As for the shows themselves, the first few were done solo for logistical/financial reasons (there being only one bed available on the Puppetmastaz tour bus). I find it difficult to do solo shows these days as it feels like retreading old material and routines, but I try to give it my all. As I recall the first show in Reims was so-so, Annecy was pretty decent, and Meylan was awesome.

The next show was in Montpellier, where we had a day off and Ad and I took a day trip to swim in the Medeterranean and have our Canadian accents ridiculed by an obnoxious, musclebound drunk (who made up for it somewhat by buying us many rounds of drinks). The Montpellier show was crazy.
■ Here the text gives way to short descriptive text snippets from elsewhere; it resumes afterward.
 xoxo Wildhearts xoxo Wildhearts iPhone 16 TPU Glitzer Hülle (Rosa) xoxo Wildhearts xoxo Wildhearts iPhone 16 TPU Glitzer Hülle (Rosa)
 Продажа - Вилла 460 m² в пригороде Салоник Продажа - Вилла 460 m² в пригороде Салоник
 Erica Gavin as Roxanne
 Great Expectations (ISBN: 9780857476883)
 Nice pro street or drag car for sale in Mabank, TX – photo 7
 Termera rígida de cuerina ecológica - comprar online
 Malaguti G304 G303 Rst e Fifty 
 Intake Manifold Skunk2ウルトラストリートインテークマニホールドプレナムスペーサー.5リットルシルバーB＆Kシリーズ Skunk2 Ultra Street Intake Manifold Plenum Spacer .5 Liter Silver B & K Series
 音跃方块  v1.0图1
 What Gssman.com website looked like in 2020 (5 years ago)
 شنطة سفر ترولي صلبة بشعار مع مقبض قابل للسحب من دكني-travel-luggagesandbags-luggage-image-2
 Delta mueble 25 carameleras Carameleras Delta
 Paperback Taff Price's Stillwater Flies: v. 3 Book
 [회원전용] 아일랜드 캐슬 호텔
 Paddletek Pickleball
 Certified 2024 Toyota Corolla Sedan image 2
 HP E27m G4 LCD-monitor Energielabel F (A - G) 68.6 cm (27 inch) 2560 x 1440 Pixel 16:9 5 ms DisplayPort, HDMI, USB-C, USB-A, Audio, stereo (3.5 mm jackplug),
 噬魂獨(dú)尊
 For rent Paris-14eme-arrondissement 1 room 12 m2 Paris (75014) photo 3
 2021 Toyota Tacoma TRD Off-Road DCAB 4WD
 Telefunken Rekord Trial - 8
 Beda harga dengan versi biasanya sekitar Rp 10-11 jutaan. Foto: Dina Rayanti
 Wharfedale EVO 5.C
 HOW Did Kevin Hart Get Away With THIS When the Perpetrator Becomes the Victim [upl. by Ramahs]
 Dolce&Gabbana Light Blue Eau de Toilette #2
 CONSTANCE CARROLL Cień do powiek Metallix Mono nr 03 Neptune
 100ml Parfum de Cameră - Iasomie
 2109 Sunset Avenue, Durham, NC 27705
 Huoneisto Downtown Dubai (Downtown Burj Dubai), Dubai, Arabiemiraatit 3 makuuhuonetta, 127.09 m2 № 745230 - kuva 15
A small but very vocal minority of the audience just hated me, and made their disdain known in no uncertain terms. The rest of the audience seemed to dig it though, so I played it up wrestling-villain style.

The next day, we arrived in Paris for the biggest show of the tour. Stacey flew in and joined me to present the 2009 WP experience as it should be seen. Unfortunately, we went on at a ridiculously early hour, as the audience was still trickling in. But we soldiered on, and those who were there seemed to enjoy it.

The next and last show (for us) was at a festival in the quaint little city of Rouen. Aside from the novelty of having both performance space and backstage zone be in circus tents, there wasn’t much notable about this gig. The Puppetmastaz and their crew were great, and it was really cool seeing their show night after night, with the added bonus of consistenly sold-out and insanely excited crowds.